What to work on: Word for word, output the data, with none of its pictures.

Task data:

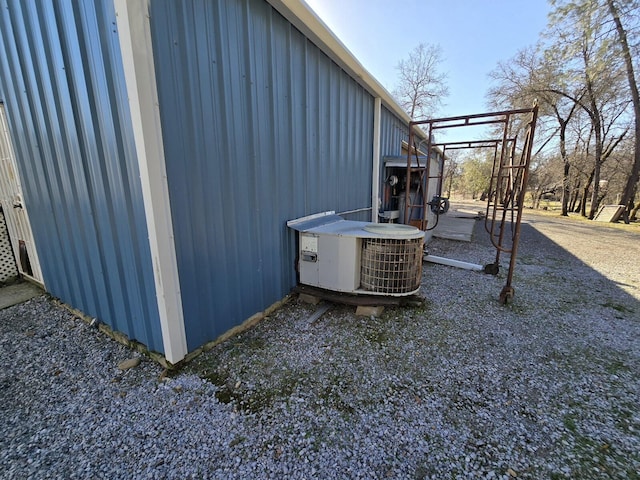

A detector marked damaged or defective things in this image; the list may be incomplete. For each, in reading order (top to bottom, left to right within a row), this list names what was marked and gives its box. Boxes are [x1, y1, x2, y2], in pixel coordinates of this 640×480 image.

rusty metal frame [404, 104, 540, 304]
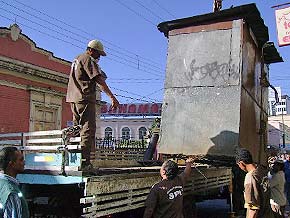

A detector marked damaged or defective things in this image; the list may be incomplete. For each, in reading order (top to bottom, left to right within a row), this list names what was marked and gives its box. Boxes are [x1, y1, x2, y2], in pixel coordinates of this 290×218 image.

rusty metal panel [160, 19, 244, 156]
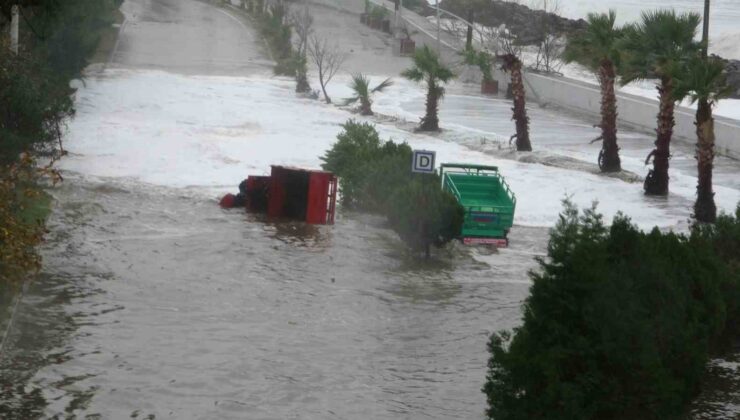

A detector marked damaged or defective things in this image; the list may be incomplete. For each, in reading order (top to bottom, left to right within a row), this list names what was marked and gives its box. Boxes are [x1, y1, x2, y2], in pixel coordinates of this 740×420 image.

overturned red truck [218, 166, 336, 225]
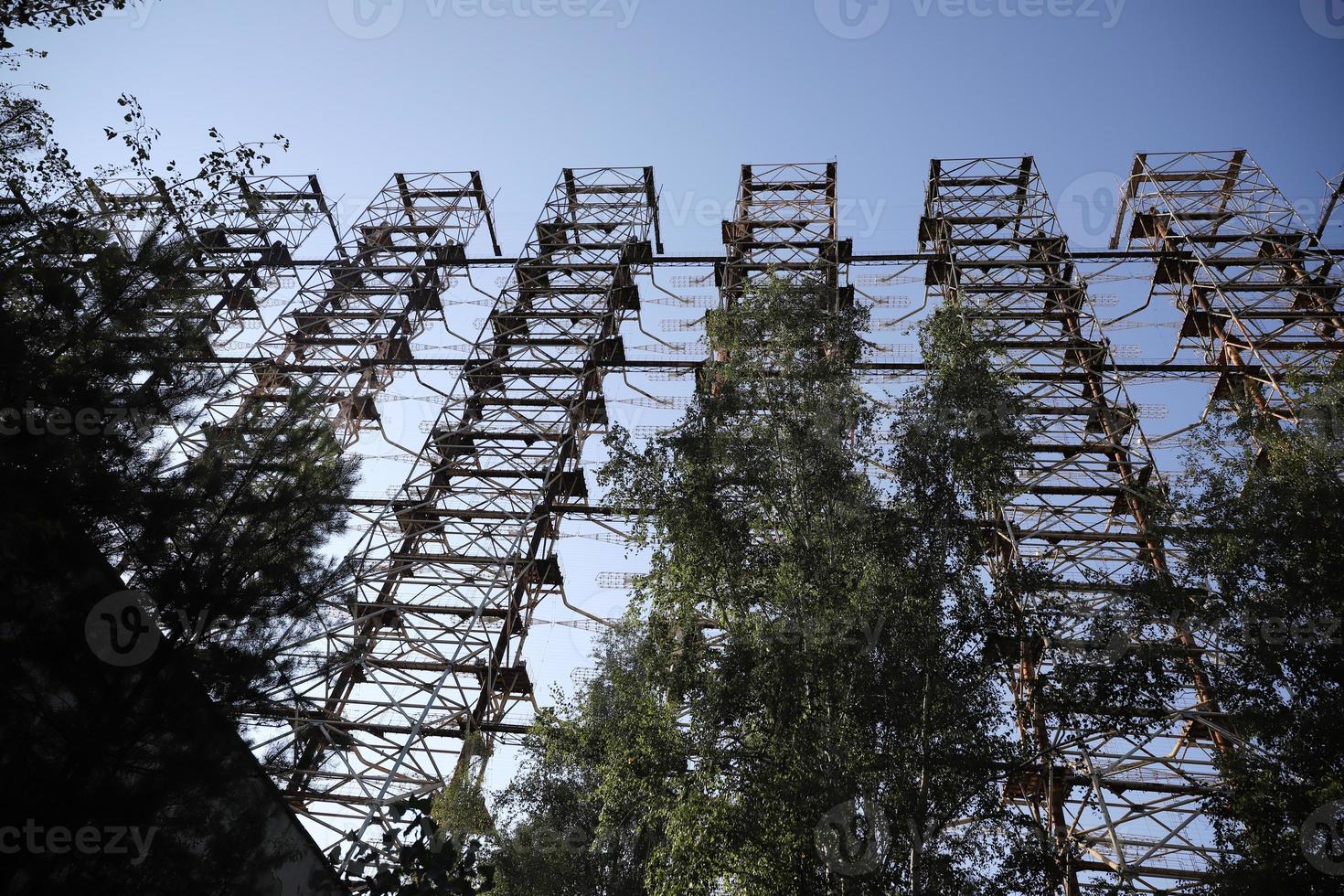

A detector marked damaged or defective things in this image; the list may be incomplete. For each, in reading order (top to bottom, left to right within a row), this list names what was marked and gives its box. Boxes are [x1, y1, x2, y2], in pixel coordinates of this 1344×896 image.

rusted metal framework [173, 173, 499, 459]
rusted metal framework [252, 166, 661, 859]
rusted metal framework [930, 157, 1231, 891]
rusted metal framework [1113, 149, 1344, 424]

Task response:
A detector marked damaged or defective things in this image; the list may be incomplete. For each, in reading order (top to bottom, left to right within a row), this list names what was marked and gives its box. Boxes are [x1, y1, x2, y2], in pixel coordinates of this 640×480 image.

rusty metal frame [404, 104, 540, 304]

A detector marked damaged or defective things in this image; the list may be incomplete. For each, in reading order (top to bottom, left to right within a row), this list names what was marked and gives its box. Boxes are [x1, y1, x2, y2], in pixel coordinates of this 290×218 image.

rusty metal panel [160, 19, 244, 156]

A detector marked damaged or defective things in this image; the list may be incomplete. For each, in reading order (top to bottom, left to right within a row), this list names what was marked and gives its box. Boxes are [x1, y1, x2, y2], in pixel coordinates of this 740×420 image.

overturned red truck [218, 166, 336, 225]

A detector marked damaged or defective things in this image; the list may be incomplete. For each, in reading order (top to bottom, left to right within a row), this list names what was marked and gives its box. Boxes are [x1, y1, x2, y2], in pixel coordinates of this 1344×896 image.

rusted metal framework [173, 173, 499, 459]
rusted metal framework [252, 166, 661, 859]
rusted metal framework [930, 157, 1231, 891]
rusted metal framework [1113, 149, 1344, 424]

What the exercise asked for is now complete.